ボトムライン・メンタリティのレビュー論文です。
ボトムライン・メンタリティ(以下、BLM)とは、「競合する優先事項をないがしろにし、最終的な成果を確保することを中心に展開する1次元的思考」(Greenbaum, Mawritz, & Eissa, 2012: 343)好ましい結果だけでなく、好ましくない結果とも関連しています。
BLMをリーダー、従業員、チームのカットからそれぞれレビューしています。
まだまだ研究が深くなされていないと言われているものの一つで、非常に参考になります。
POINT1. リーダーのBLM
トップマネジメントやリーダーのBLMは最も研究されている属性です。
リーダーのBLMは、フォロワーに明らかな組織目標達成のためのリーダーの選択した戦略を表していると考えられます。また、リーダーのBLMが最も研究されている背景として、従業員、ひいては組織全体に対してより広範な影響を与える可能性があるためだと考えられます。
社会的認知理論:従業員の認知状態や行動(社会的学習、道徳的離脱など)に影響を及ぼす可能性のある潜在的なプロセスを幅広くカバーする理論。

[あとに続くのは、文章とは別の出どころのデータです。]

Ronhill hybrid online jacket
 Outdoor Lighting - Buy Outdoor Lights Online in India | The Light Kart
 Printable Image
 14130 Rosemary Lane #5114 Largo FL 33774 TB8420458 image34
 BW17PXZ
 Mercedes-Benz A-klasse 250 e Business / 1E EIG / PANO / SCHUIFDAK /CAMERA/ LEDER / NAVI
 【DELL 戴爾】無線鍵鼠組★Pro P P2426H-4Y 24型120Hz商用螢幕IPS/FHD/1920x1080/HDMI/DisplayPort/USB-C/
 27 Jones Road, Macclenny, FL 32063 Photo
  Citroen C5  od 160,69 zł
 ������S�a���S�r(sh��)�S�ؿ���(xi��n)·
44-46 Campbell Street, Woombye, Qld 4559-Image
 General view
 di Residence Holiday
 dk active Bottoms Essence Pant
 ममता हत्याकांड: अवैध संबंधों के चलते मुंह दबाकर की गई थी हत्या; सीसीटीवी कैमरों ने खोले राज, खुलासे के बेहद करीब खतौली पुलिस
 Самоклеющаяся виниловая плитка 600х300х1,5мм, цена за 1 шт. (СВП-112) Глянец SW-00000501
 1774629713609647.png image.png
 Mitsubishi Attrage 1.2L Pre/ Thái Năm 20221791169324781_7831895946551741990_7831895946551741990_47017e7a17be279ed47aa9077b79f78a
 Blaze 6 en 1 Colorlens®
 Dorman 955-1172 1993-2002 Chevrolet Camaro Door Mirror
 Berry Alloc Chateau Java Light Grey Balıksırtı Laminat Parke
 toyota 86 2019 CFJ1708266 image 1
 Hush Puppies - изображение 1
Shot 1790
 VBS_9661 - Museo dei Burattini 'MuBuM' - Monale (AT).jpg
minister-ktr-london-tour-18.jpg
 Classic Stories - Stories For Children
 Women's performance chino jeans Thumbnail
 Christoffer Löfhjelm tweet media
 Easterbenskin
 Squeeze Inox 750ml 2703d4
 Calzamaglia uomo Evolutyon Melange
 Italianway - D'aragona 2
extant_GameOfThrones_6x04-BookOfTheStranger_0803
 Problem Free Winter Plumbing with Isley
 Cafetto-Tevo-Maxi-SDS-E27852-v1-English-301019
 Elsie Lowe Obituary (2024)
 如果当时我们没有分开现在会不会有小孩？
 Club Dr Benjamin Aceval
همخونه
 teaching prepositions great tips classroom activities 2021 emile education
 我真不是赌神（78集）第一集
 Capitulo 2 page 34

つまり・・・リーダーのBLMが従業員のBLMに影響を与え、従業員が条件付きで良い行動と悪い行動の両方に関与するという学習効果を支持している。
社会的情報処理理論:人は社会的文脈に適合するために自分がどのように振る舞うべきかの指針を環境(リーダーを含む)に求め、社会的文脈に適合する態度や認知を採用する、という理論。つまり・・・リーダーのBLMが従業員の仕事上の文脈に対する認識を形成し、その認識が条件付きで組織の良い行動と悪い行動の両方に影響を与えることが示唆される。
社会的交換理論:互恵性の規範に依拠しており、社会的交換において、ある人が他の人に社会的資源(例えば、支援、情報、公正な扱い)を提供すると、他の人も同様の肯定的な社会的資源でそれに応えると主張する(Cropanzano &Mitchell, 2005)。つまり・・・従業員の行動に好ましい影響も好ましくない影響も与えうることを示唆している。
資源保存理論とストレス理論:資源保全理論(COR; Hobfoll, 1989)は、個人には仕事上の要求に対処するための感情的、心理的、身体的資源が一定数あり、仕事上の要求が強すぎると、これらの資源が減少する。
ストレス理論:従業員が心理的に仕事から切り離すことが難しいために、リーダーのBLMがWFC(Work-Family -conflict)をもたらすことを実証している。
これら二つの理論から、利益を優先するリーダーと仕事をすることの難しさを指摘しており、それがストレスの心理的指標とそれに対応する結果を助長している。
※BLMは悪いことばかりではない?!
上司のBLMが低レベルから中レベルになるにつれて、従業員の業績は向上するが、上司のBLMが中レベルから高レベルになるにつれて、この効果は逆転し、業績が低下することを発見した。(Zhang, Zhao, and Chen (2022))
その他
リーダーの目標重視型リーダーシップ行動と負の関係にある(Rice and Reed (2021))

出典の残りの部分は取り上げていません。